[R] Adding SORT to UNIQUE

Tue Dec 21 20:17:03 CET 2021

Stephen,

Languages have their own philosophies and are often focused initially on doing specific things well. Later, they tend to accumulate additional functionality both in the base language and extensions.

I am wondering if you have explained your need precisely enough to get the answers you want. 

SQL and Python have their own ways and both have advantages but also huge deficiencies relative to just base R. 

But there are rules you live with and if you choose day a data.frame to store things in, the columns must all be the same length. The unique members of one data.frame are likely to not be the same number so storing them in a data.frame does not work. They can be stored quite  few other ways, such as a list of lists.
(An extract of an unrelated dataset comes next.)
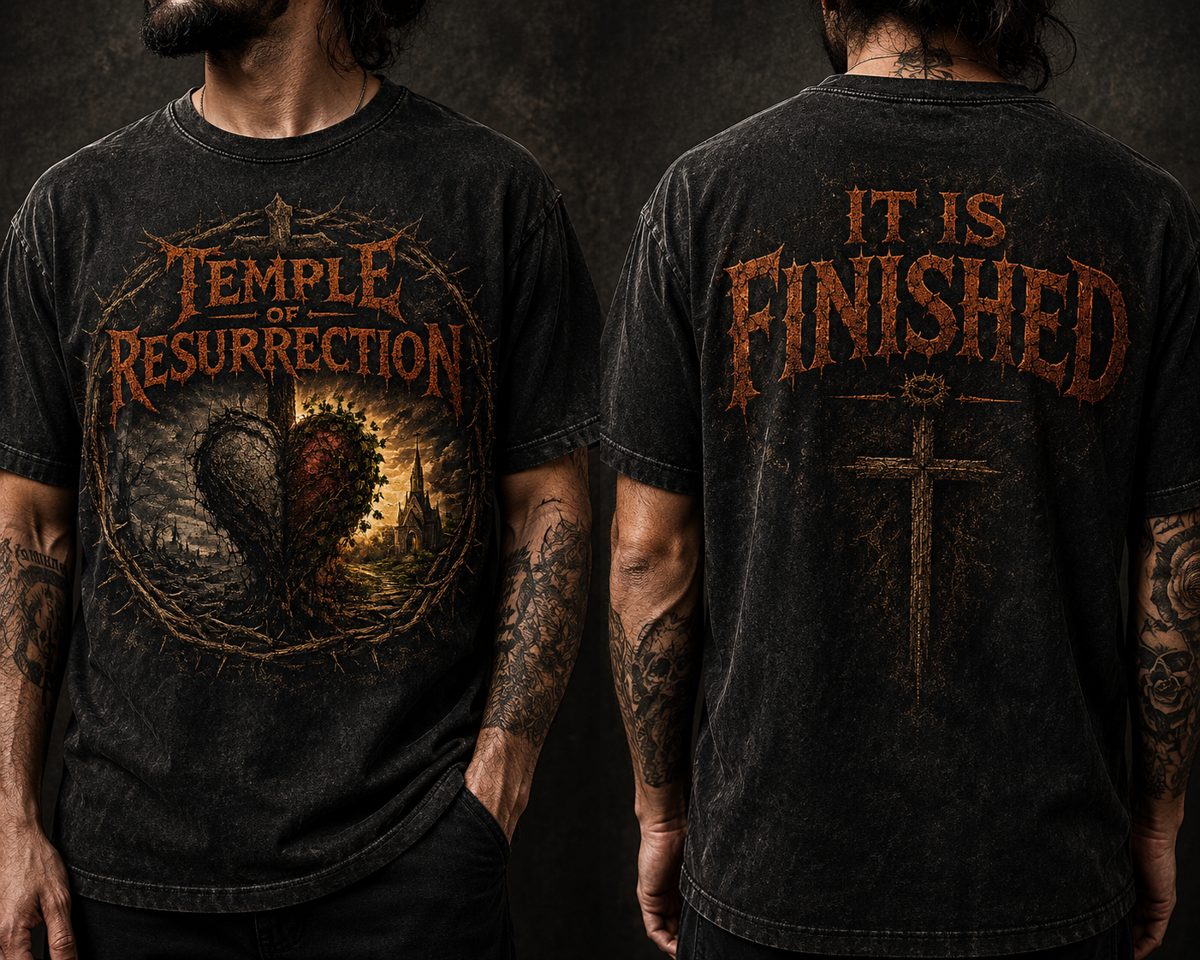 Temple of Resurrection garment-dyed shirt, front and back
And what is your definition of ease? I can program in Python and SQL and way over a hundred other languages and I know I need to adapt my thinking to the flow of the language and not the other way around. Base R was not designed to be like either SQL or Python. But it can be extended quite a few ways to do just about anything.
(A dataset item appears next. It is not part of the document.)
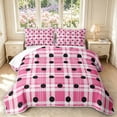 thumbnail image 1 of Manfei Modern Checkered Twin Quilt Set,Minimalist Polka Dot Twin Coverlet Set,Pink White,2pcs,1 Bedspread and 1 Pillowcase, 1 of 7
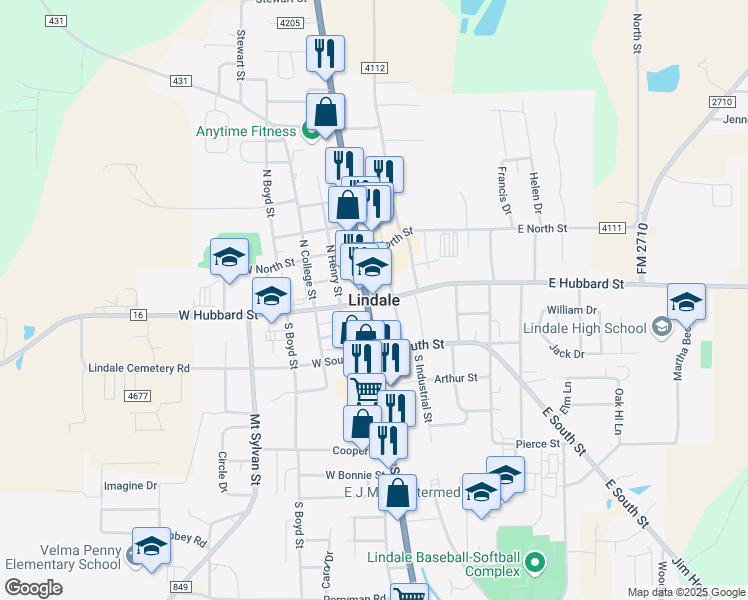 map of restaurants, bars, coffee shops, grocery stores, and more near in Lindale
What you ran into for example is the fact that some functionality is more selective in what it works on. A data.frame with one column is logically the same as a matrix with one column and as a vector but in reality, they are not the same thing. Yes, they can be converted into each other fairly trivially. Sort() seems to care what you feed it. If you did not worry about efficiency, you could have a version of sort that accepts a wide variety of inputs, converts any it can to some possibly common internal form, then converts the output back into the form it was received in, or uses a command-line option to specify the output format. It is not hard in R to make such a function as it has the primitives needed to examine an arbitrary object and see what dimensions it has for some number of types and so on, and has utilities to do the conversion.
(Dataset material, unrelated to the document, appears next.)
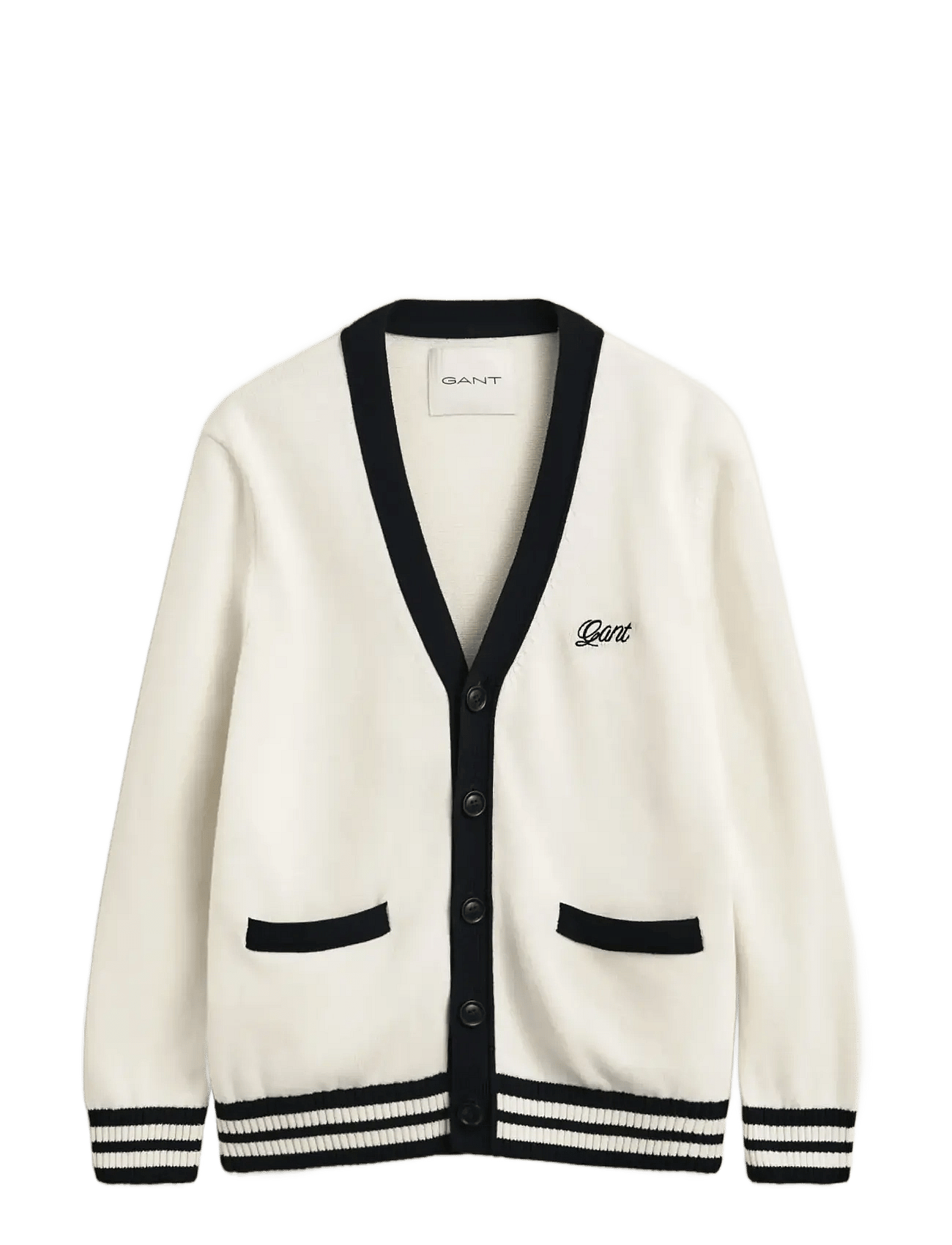 Gant | Buttoned Cotton V-Neck Cardigan | XXXL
If you want a language that has calculated every possible combination of ways to combine functions and already made tens of thousands available, good luck. What languages (including Python and R) expect is for you to compose such combinations yourself in one of many ways. The annoying discussions here between purists and those wanting to use pre-made packages aside, your question can be handled in many of the ways we already discussed. They include making your own (often very small) function that implements consolidating the many steps into one logical step. It can mean using pipelines like the new "|>" operator recently added to base R or the older versions often used in the tidyverse packages like "%>%".

You want to take a data.frame and select a column at a time and ask for it to be made into unique values then ordered and shown. So you want a VECTOR and your initial use of the "[" operator does not take the underlying list structure of a data.frame apart the way you might have thought but as a narrow data.frame. So you MAY need to either extract it using "[[" or use various routines R supplies like unlist() or as.vector().

Here is a pipeline using this as my data:

mydf <- data.frame(ints=c(5,4,3,3,4,5), chars=c("z","i","t","s","t","i"))

Note the number of unique items differs s does the data type:

  mydf
  ints chars
  1    5     z
  2    4     i
  3    3     t
  4    3     s
  5    4     t
  6    5     i

To handle the columns one at a time can be done using a pipeline like:

  > mydf[2] |> unlist() |> unique() |> sort()
  [1] "i" "s" "t" "z"
  > mydf[1] |> unlist() |> unique() |> sort()
  [1] 3 4 5

The above takes a two-column data.frame and restricts it into a one-column data.frame and then passes the new temporary variable/object into the command line of the unlist() function which returns an object (again temporary) which is a  vector (in one case numeric and in the other character) and then that result is passed into the command line of unique() which returns a shorter vector in the same order and then you pass it on to sort() which reorders it. 

Note the first steps can be shortened if using the "[[" notation or by using the named way of asking for a column:

  > mydf[[1]] |> unique() |> sort()
  [1] 3 4 5
  > mydf$ints |> unique() |> sort()
  [1] 3 4 5

But pipelines are simply syntactic sugar mostly so you also can just nest function calls as in sort(unique(unlist(mydf[1]))) or do what I showed earlier of creating a function that does the work invisibly and call that.

Python often does their own version of pipelines by adding a dot at the end and calling a method and if needed another dot and then calling a method on the resulting object and so on. But that is arguably more limiting in some ways and more powerful in others. Different paradigms. In R, you do not do object.method1.method2(args).method3(args) so a pieline method is used to sort of so something related.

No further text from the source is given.